Skocz do zawartości
Polski Portal Literacki

Rekomendowane odpowiedzi

Opublikowano

Żegnaj różo ostatnia, gdziekolwiek zakwitłaś.
Na wietrze metronomem barw i tonu serca,
Chociaż czerń dla ciebie wybiła już dawno
to oko wciąż trzyma twój obraz w objęciach

żegnajcie płatki róży ułożone w wargi
i wy: słowa jak zapach, i zapach jak słowa
to było jak sen, lecz sen sobie zakpił
i tam stracił wątek, gdzie miał nas przechować

przed światem, i cieniem, nad morzem łopianu
Gdy noc szczerzy gwiazdy, jak zęby, drapieżca
Ach biały kle, ostrzu, w me ciało się zanurz –

Gdzie czerwieni się, jeszcze, lekko zawstydzona
Krew, tym swoim nagłym, napływem do serca
Które głośnym biciem speszyło zegary

Na chwilę,

Opublikowano

Metronomem barw??? Przyznam, że jestem lekko tym zdziwiona ale widocznie mało wiem.

Dla mnie - patos, pompa, puff! pęknie jak balonik.

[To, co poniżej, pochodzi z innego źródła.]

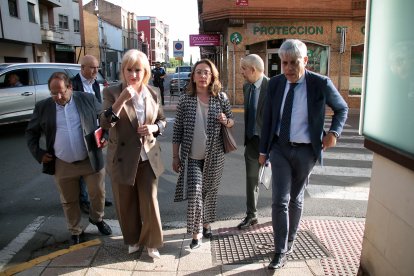 Reunidos con el comité de empresa de la planta azucarera de la localidad leonesa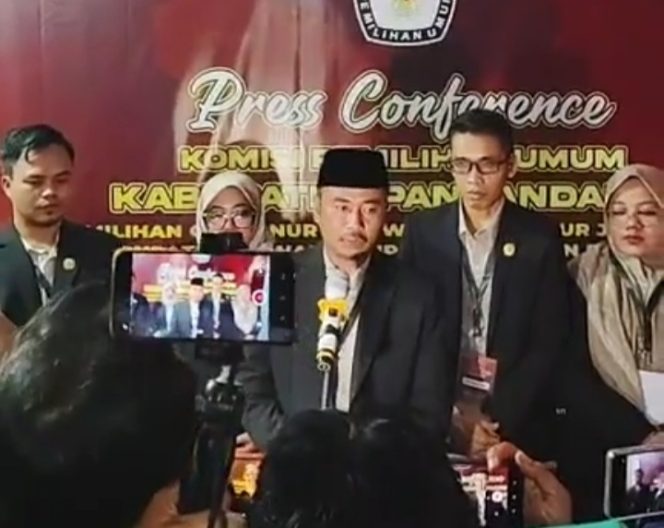 
					Ketua KPU Kabupaten Pangandaran Muhtadin saat pers Conference 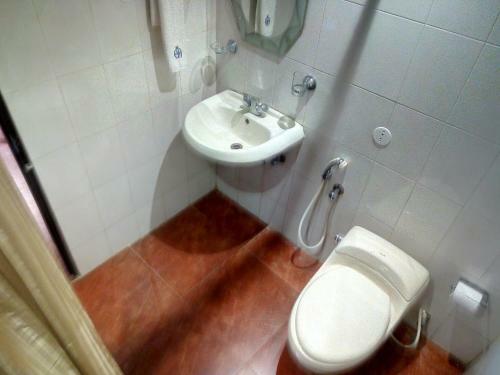 Regant Lake Village Hotel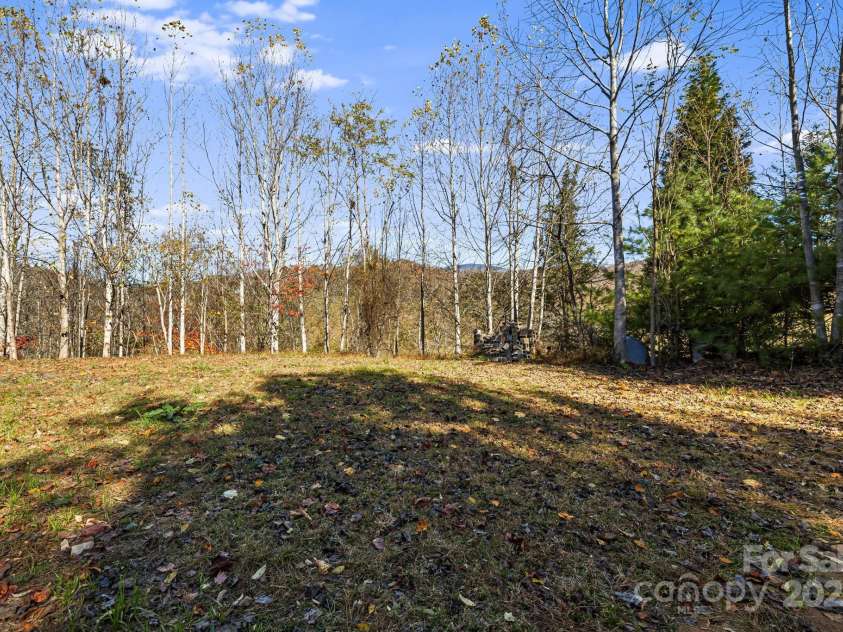 398 Dogwood Drive, Bakersville, NC 28705.  MLS# CAR4321945, YatesRealty ID 440. 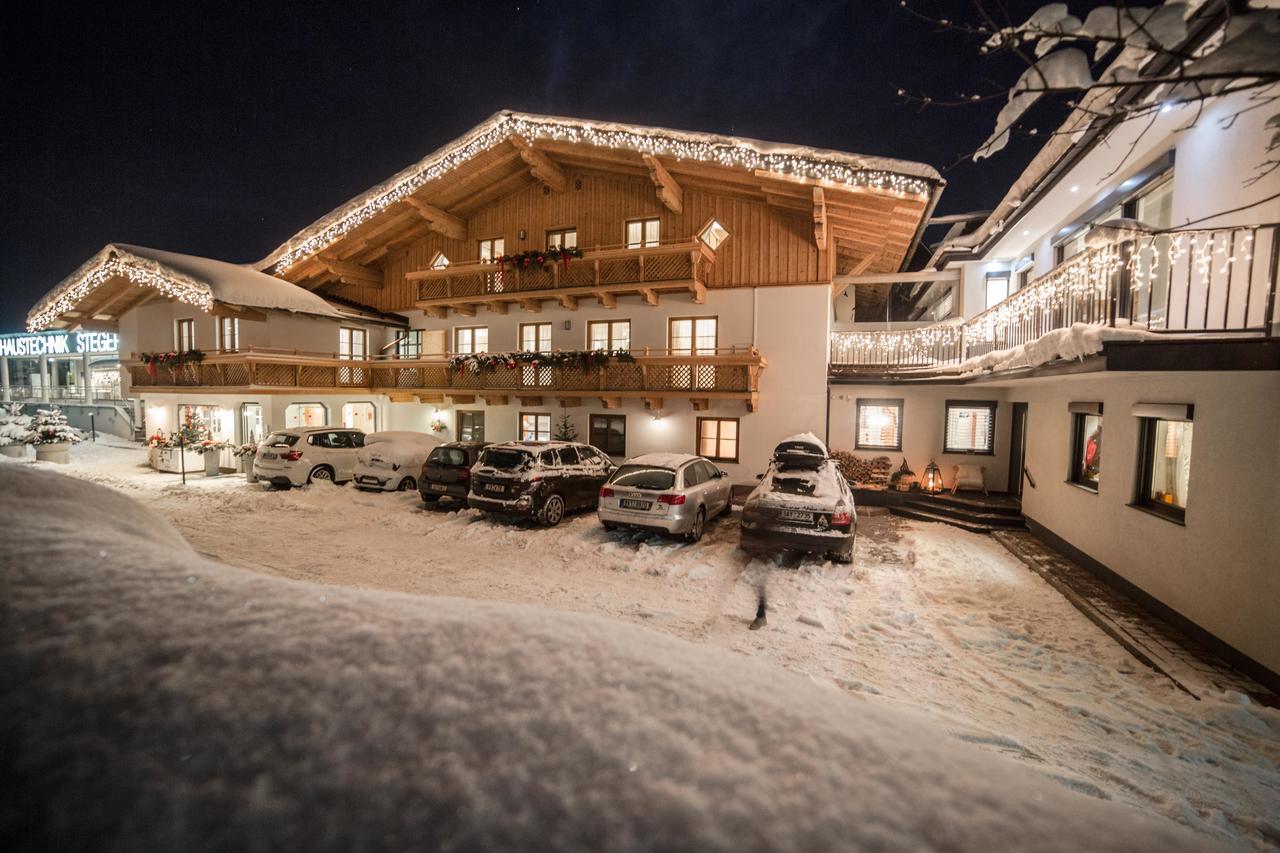 Aparthotel Steger Wagrain Exteriör bild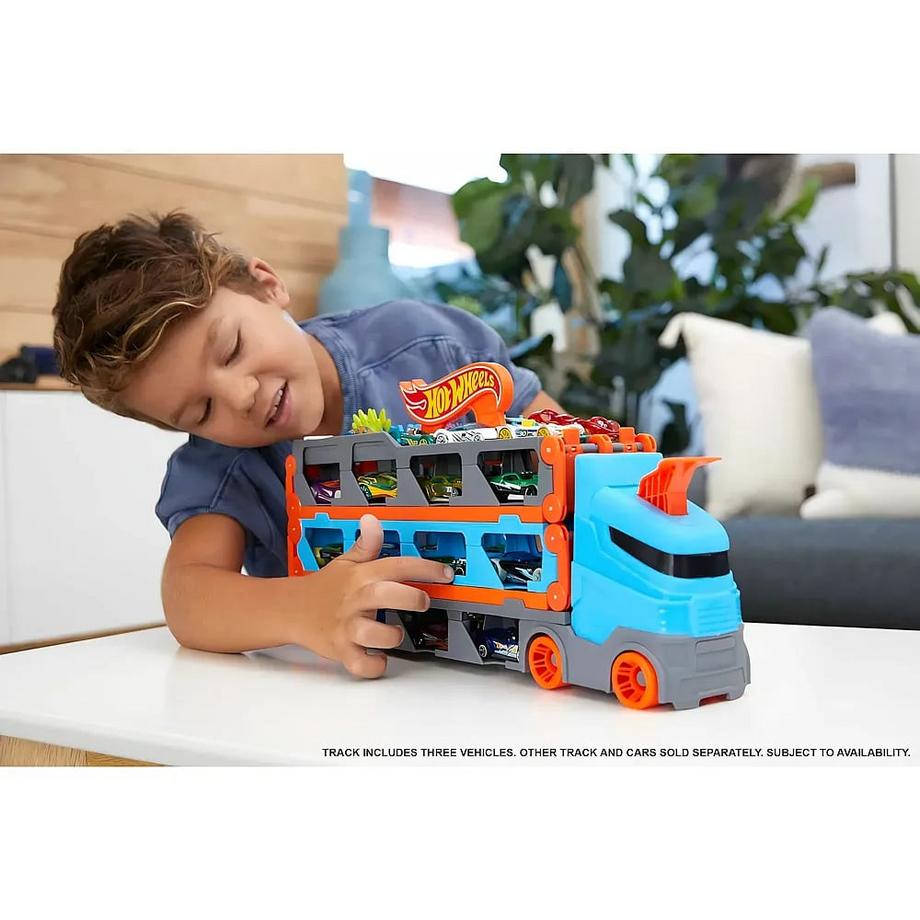 Hot Wheels  Bisarca e pista da corsa, incl. 3 macchinine 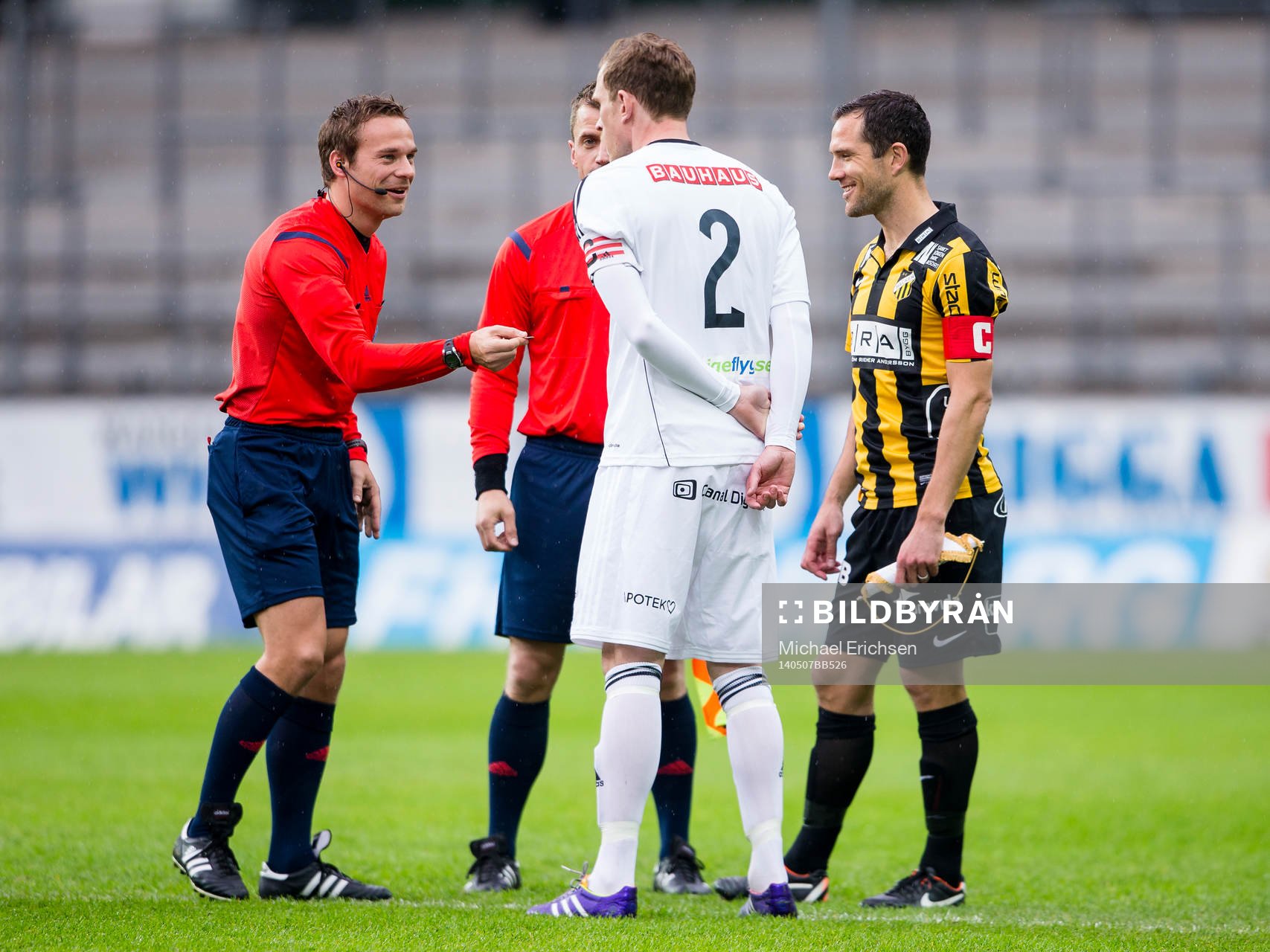 Domare Kristoffer Karlsson singlar slant om bollen med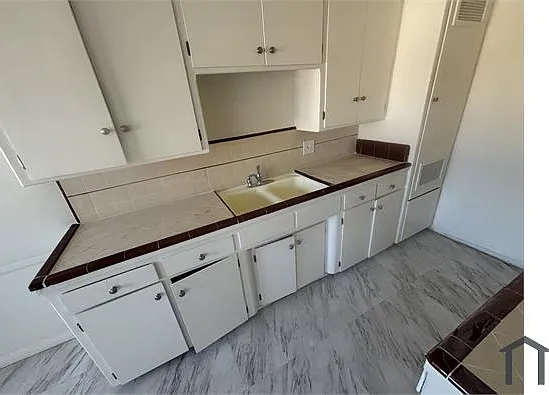 1435 W 105th St #10 — Photo 16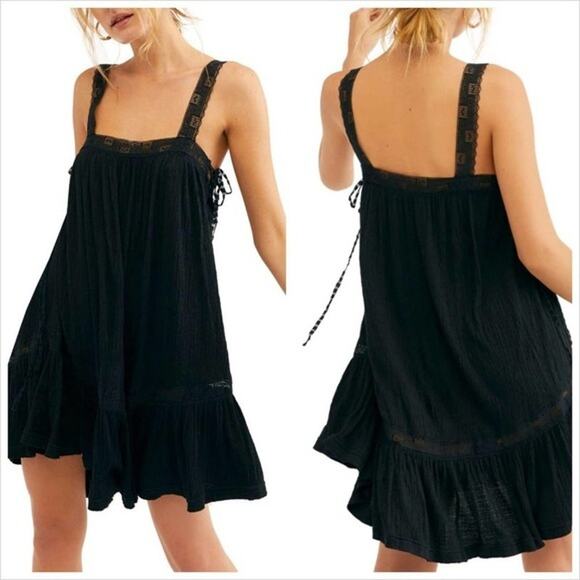 Free People Dresses & Skirts - Free People Sweet Thing Bohemian Tunic Dress Witchy XS Black Crochet Whimsygoth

To o kle zanurzającym się w ciało peela - rozwaliło mnie...

Opublikowano

Adolfie: Wołacz dla rzeczownika "ostrze" brzmi: "ostrze", nie "ostrzu".
Wiesz - z jednej strony - patos i pompatyczny styl XIX wieku, z drugiej - błąd fleksyjny...
I całą stylizację diabli wzięli.
Następnym... Para:)

Jeśli chcesz dodać odpowiedź, zaloguj się lub zarejestruj nowe konto

Jedynie zarejestrowani użytkownicy mogą komentować zawartość tej strony.

Zarejestruj nowe konto

Załóż nowe konto. To bardzo proste!

Zarejestruj się

Zaloguj się

Posiadasz już konto? Zaloguj się poniżej.

Zaloguj się


×
×
  • Dodaj nową pozycję...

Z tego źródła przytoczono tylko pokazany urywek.